Complainte du verbe Être, de Jean Tardieu (20/06/2010)

Je serai je ne serai plus je serai ce caillou
toi tu seras moi je serai je ne serai plus
quand tu ne seras plus tu seras
ce caillou

Quand tu seras ce caillou c’est déjà
comme si tu étais n’étais plus
j’aurai perdu tu as perdu j’ai perdu
d’avance. Je suis déjà déjà
cette pierre trouée qui n’entend pas
qui ne voit pas ne bouge plus.

 Bientôt hier demain tout de suite
déjà je suis j’étais je serai
cet objet trouvé inerte oublié
sous les décombres ou dans le feu ou l’herbe froide
ou dans la flaque d’eau, pierre poreuse
qui simule un murmure ou siffle et qui se tait.
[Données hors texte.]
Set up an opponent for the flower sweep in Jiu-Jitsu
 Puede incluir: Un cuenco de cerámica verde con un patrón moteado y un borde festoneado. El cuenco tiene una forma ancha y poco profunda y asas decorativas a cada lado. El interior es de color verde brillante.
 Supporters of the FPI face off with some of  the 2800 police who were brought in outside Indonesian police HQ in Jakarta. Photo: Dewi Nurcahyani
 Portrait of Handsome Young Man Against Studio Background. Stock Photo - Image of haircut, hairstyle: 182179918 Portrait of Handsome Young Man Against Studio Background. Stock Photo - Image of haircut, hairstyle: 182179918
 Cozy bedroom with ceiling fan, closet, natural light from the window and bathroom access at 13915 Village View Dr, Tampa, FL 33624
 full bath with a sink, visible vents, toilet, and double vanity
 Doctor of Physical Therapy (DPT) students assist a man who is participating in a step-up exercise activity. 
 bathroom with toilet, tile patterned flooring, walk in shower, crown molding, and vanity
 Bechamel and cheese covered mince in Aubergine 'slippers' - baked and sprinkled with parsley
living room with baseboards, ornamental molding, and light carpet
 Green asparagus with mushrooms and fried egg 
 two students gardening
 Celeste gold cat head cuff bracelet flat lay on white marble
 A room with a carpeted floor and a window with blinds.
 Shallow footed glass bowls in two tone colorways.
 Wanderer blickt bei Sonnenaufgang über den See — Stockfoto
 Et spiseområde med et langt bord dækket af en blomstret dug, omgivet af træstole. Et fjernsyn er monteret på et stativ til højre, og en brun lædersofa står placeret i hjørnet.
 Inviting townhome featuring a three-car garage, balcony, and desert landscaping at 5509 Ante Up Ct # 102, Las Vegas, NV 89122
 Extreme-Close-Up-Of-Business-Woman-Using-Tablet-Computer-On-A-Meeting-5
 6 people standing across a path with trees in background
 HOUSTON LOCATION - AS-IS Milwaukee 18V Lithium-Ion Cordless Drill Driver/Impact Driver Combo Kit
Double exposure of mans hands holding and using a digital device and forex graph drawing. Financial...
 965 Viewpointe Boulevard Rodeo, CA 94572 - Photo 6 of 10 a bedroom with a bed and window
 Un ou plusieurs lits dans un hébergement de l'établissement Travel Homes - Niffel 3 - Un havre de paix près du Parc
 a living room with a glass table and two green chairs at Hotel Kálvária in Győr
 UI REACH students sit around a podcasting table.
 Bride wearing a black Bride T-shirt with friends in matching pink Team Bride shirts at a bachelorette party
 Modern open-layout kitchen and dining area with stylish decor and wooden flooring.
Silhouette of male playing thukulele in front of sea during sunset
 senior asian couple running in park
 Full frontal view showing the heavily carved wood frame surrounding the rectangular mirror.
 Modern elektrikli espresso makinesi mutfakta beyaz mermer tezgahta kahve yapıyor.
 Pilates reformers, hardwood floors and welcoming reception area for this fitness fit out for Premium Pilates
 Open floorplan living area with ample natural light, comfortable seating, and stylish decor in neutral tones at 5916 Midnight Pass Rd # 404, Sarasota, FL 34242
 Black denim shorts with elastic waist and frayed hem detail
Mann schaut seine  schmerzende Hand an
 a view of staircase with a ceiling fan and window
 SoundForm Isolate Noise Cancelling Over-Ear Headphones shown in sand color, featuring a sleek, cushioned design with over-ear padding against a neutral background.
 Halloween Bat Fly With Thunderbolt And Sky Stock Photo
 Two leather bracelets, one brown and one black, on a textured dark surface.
Par l’eau par l’ombre et par le soleil submergé
objet sans yeux sans lèvres noir sur blanc
(l’œil mi-clos pour faire rire
ou une seule dent pour faire peur)
j’étais je serai je suis déjà
la pierre solitaire oubliée là
le mot le seul sans fin toujours le même ressassé.

 Jean Tardieu, Comme ceci comme cela, Gallimard, 1979, p. 45-46.